* [PROBLEM REQUIREMENTS]
Please output the whole listing below exactly as it is.

* [DATA SHOWN]
..............................
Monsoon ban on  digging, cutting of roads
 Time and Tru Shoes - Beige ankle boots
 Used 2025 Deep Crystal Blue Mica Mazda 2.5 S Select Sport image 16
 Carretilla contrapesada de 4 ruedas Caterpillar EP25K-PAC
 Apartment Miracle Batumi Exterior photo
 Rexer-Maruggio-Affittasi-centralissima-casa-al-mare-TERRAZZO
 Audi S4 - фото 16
..............................
* [REPLY]
Monsoon ban on  digging, cutting of roads
 Time and Tru Shoes - Beige ankle boots
 Used 2025 Deep Crystal Blue Mica Mazda 2.5 S Select Sport image 16
 Carretilla contrapesada de 4 ruedas Caterpillar EP25K-PAC
 Apartment Miracle Batumi Exterior photo
 Rexer-Maruggio-Affittasi-centralissima-casa-al-mare-TERRAZZO
 Audi S4 - фото 16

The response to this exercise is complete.